Chris, rodilla en tierra, intentaba recobrar el aliento. El caballero verde seguía en pie, pero apenas mantenía el equilibrio. Chris se aproximó despacio y lo hirió en el costado, entre las placas de la armadura. El caballero lanzó un rugido de furia y se desplomó de espaldas.
Chris se plantó de inmediato sobre él. Tras cortarle los cordones del yelmo, se lo quitó con el pie. Kate contempló el rostro del caballero verde —la melena desgreñada, la barba apelmazada, la mirada de loco— mientras Chris alzaba la espada y le seccionaba la cabeza.
Algo falló.
La hoja de la espada cayó, topó contra el hueso, y allí se quedó atascada, hundida en el cuello. El caballero seguía vivo, mirando ferozmente a Chris, moviendo los labios.
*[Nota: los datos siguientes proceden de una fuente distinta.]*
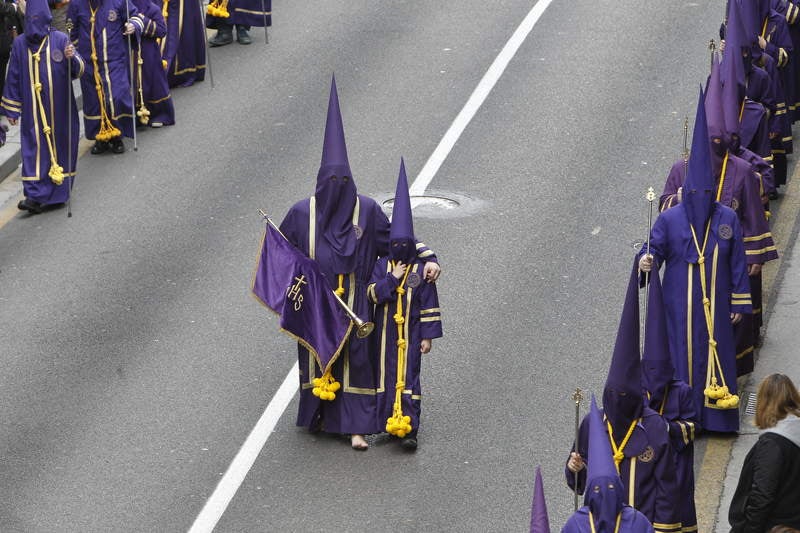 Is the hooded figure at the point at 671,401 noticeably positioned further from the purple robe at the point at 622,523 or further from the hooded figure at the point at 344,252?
the hooded figure at the point at 344,252

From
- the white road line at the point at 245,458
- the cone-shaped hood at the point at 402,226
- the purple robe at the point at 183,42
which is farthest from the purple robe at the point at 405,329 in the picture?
the purple robe at the point at 183,42

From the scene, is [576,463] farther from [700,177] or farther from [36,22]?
[36,22]

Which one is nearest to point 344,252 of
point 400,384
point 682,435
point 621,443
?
point 400,384

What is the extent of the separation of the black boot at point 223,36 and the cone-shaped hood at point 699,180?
30.6ft

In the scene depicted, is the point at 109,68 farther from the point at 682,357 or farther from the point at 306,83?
the point at 682,357

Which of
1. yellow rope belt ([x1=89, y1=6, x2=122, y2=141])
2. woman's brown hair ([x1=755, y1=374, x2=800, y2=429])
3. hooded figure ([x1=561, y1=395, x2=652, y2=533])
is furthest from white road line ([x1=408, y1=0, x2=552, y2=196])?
hooded figure ([x1=561, y1=395, x2=652, y2=533])

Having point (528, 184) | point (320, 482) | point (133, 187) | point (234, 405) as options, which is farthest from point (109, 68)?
point (320, 482)

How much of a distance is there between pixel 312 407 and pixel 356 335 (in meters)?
0.63

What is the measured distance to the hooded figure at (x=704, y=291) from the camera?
12.9 m

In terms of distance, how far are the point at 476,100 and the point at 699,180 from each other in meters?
6.67

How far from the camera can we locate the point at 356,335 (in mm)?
12828

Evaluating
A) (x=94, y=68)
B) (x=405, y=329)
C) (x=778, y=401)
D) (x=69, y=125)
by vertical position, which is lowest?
(x=69, y=125)

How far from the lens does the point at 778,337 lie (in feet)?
47.3

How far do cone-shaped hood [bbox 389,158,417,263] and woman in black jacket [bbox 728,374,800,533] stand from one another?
3.45 meters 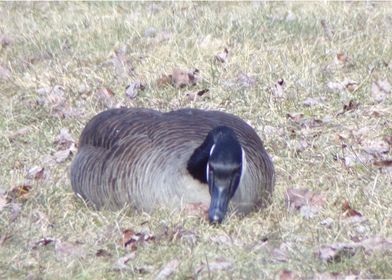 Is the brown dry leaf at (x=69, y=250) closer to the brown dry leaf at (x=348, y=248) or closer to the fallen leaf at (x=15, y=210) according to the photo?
the fallen leaf at (x=15, y=210)

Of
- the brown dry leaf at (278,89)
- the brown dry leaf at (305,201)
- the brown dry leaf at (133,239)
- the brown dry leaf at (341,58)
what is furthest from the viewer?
the brown dry leaf at (341,58)

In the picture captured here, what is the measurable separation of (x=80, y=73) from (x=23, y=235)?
391 centimetres

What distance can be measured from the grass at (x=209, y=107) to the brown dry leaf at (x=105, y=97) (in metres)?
0.06

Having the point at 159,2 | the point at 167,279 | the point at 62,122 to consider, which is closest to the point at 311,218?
the point at 167,279

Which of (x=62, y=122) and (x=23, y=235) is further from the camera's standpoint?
(x=62, y=122)

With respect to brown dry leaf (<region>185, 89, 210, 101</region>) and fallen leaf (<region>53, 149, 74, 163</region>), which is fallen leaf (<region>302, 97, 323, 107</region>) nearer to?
brown dry leaf (<region>185, 89, 210, 101</region>)

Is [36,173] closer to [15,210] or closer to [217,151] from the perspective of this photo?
[15,210]

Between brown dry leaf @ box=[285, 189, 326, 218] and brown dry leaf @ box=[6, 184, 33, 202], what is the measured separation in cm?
175

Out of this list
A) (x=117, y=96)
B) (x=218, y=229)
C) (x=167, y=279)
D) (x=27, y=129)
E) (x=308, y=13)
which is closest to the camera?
(x=167, y=279)

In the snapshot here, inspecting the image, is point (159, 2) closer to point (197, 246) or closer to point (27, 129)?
point (27, 129)

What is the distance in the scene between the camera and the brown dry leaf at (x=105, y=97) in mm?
9516

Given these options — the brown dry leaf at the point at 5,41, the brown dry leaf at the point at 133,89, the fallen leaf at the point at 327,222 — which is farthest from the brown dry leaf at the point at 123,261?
the brown dry leaf at the point at 5,41

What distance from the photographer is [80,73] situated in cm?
1019

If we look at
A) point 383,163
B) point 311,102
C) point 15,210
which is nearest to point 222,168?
point 15,210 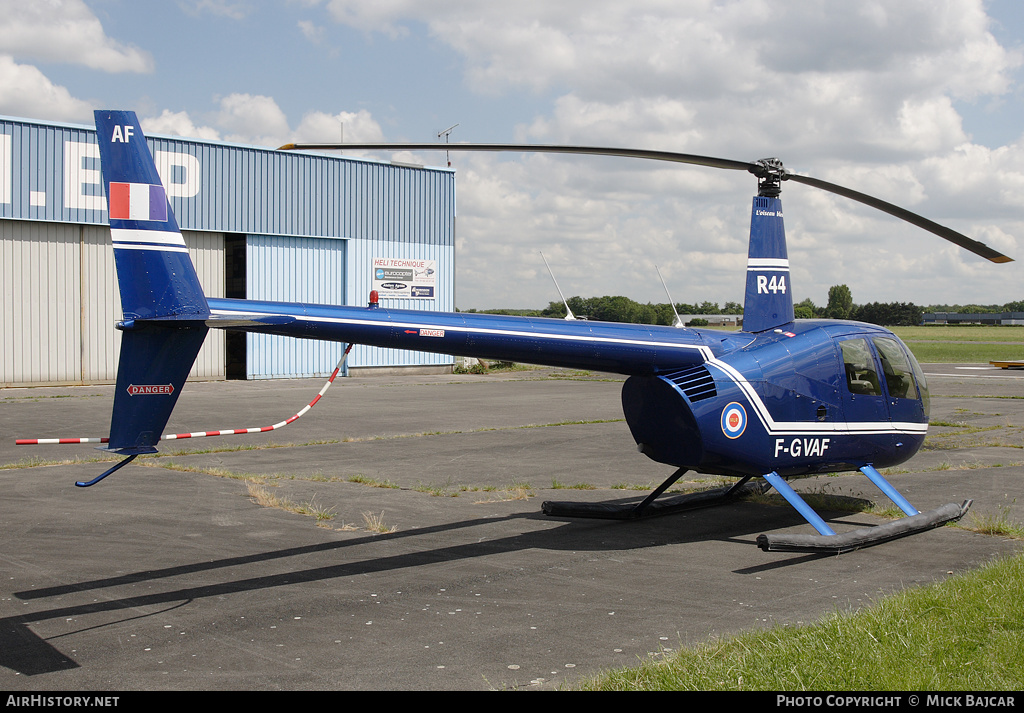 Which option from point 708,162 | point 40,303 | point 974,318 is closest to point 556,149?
point 708,162

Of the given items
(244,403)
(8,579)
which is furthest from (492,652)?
(244,403)

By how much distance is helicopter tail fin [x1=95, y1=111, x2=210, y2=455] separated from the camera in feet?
21.0

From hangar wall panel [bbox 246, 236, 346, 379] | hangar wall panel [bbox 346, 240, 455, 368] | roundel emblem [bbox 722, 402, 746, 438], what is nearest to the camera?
roundel emblem [bbox 722, 402, 746, 438]

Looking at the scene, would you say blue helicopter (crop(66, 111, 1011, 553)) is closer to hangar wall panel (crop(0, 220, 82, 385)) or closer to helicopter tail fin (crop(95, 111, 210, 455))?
helicopter tail fin (crop(95, 111, 210, 455))

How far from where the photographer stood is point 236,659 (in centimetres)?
555

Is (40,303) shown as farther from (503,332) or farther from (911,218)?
(911,218)

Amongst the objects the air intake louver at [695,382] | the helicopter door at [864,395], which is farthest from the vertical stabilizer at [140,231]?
the helicopter door at [864,395]

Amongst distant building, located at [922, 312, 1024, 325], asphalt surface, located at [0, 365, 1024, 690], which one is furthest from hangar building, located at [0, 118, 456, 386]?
distant building, located at [922, 312, 1024, 325]

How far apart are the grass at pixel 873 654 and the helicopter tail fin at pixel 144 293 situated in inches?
156

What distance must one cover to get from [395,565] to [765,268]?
18.1 ft

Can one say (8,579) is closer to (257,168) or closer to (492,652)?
(492,652)

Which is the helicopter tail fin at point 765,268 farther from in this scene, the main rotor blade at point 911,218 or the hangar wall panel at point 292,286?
the hangar wall panel at point 292,286

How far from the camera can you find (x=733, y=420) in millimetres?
8914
Chris trató de retirar la espada, pero estaba atrapada en la garganta del caballero. Mientras forcejeaba por desclavarla, el caballero levantó la mano izquierda y lo agarró por el hombro. Poseía una fuerza extraordinaria, demoníaca, y tiró de Chris hasta que sus rostros se hallaron a sólo unos centímetros de distancia. Tenía los ojos inyectados en sangre. Los dientes podridos y rotos. En su barba, entre restos amarillentos de comida, bullían los piojos. Olía a podrido.
Chris sintió náuseas. Notaba en la cara el aliento tibio y fétido de aquel hombre. Con un supremo esfuerzo, logró ponerle el pie en el rostro y erguirse, zafándose de él. Simultáneamente, consiguió desprender la espada, y la levantó para golpear de nuevo.
Pero en ese momento vio que el caballero tenía los ojos en blanco y la mandíbula caída. Ya estaba muerto. Las moscas empezaron a zumbar en torno a su cara.
Chris se desplomó, sentándose en la hierba para recobrar el aliento. Lo asoló una profunda sensación de asco y comenzó a temblar sin control. Le castañeteaban los dientes.